El biógrafo de Romero, quien además fue su intérprete durante los viajes que el arzobispo hacía a Europa, señala otro hecho significativo: la visita de Juan Pablo II a la tumba del mártir, durante su estancia en El Salvador, el 6 de marzo de 1983.
Luego de orar de hinojos ante la tumba, dijo el pontífice en la catedral:
“Mi visita a este venerado templo quiere ser una invitación a todos vosotros para dejaros guiar siempre por vuestros pastores… Reposan dentro de sus muros los restos mortales de monseñor Oscar Arnulfo Romero, celoso pastor a quien el amor de Dios y el servicio a los hermanos condujeron hasta la entrega misma de la vida de manera violenta, mientras celebraba el sacrificio del perdón y la reconciliación.
“Por él, igual que por los otros venerados pastores, que a su tiempo apacentaron la grey salvadoreña, dirigimos nuestra plegaria al Dios justo y misericordioso para que su luz brille perpetuamente sobre ellos, que se sacrificaron por todos, y a todos llamaron a inspirarse en Jesús, el que tuvo compasión de las multitudes a la hora de comprometerse en la forja del mundo más justo, humano y fraterno, en que todos queremos vivir.”

LA IMPUNIDAD DE LOS ASESINOS

Entrevistado en su parroquia de San José de la Montaña, Delgado Acevedo exclama:
“En este país sigue existiendo la misma injusticia que cuando monseñor Romero vivía. Incluso parece que la sociedad se está volviendo más pobre todavía. La realidad sigue igual.”
–¿Y los asesinos materiales de monseñor Romero? ¿Qué pasó con ellos?
–La impunidad lo cubrió todo. No se les llamó a cuentas. Les cubrieron las espaldas. Aún seguimos esperando que el gobierno haga justicia.
Para aclarar el crimen de Romero, entre otros, el 27 de abril de 1991 se creó una comisión de la verdad, a cargo del expresidente colombiano Belisario Betancur y de otras personalidades de reconocida imparcialidad.
Dicha comisión concluyó en su informe:
“El 24 de marzo de 1980, el arzobispo de San Salvador, monseñor Oscar Arnulfo Romero y Galdámez fue asesinado cuando oficiaba la misa en la Capilla del Hospital de la Divina Providencia (El Hospitalito).
“El exmayor Roberto D’Aubuisson dio la orden de asesinar al arzobispo y dio instrucciones precisas a miembros de su entorno de seguridad, actuando como `escuadrón de la muerte’, de organizar y supervisar la ejecución del asesinato.

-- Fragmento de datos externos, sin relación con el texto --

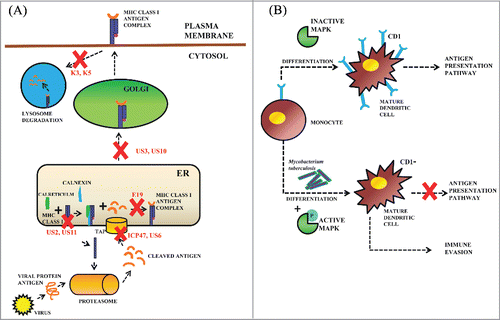 Figure 3. Impairment of the antigen presentation pathways by microbial pathogens. (A) Viral regulation of MHC Class I antigen presentation pathway: viruses have gradually developed a number of proteins specifically interfering with the antigen presentation pathway of MHC Class I. The HSV ICP47 Citation47 and HCMV US6Citation48 proteins inhibit peptide translocation function of TAP. HCMV US2 and US11 proteins dislocate the MHC Class I heavy chain from ER into the cytosol for degradation. Adenovirus E19 protein inhibits MHC Class I trafficking.Citation49 US3 and US10 inhibit the transport of the MHC Class I-antigen peptide complex to be exported to the Golgi.Citation50 The KSHV encoded K3 and K5 proteins internalize the MHC Class I-antigen peptide complex into lysosomes, which lead to its degradation and impairment of the antigen presentation.Citation51 (B) Bacterial regulation of CD1 antigen presentation pathway: The monocytes generally differentiate into immature DCs and then to mature DCs which further express CD1 glycoproteins on their surface, which present antigens to T cells. However, the exact mechanism of CD1 antigen presentation pathway is yet to be discovered. It has been reported that in M.tuberculosis infected DCs MAPK is phosphorylated and activated to down-regulate the expression of CD1 on mature DCs resulting in immune evasion.Citation52,53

“Los capitanes Alvaro Saravia y Eduardo Avila tuvieron una participación activa en la planificación y conducción del asesinato, así como Fernando Sagrera y Mario Molina.
“Amado Antonio Garay, motorista del excapitán Saravia, fue asignado para transportar al tirador a la capilla. El señor Garay fue testigo de excepción cuando, desde un Volkswagen rojo, de cuatro puertas, el tirador disparó una sola bala calibre .22, de alta velocidad, que mató al arzobispo.”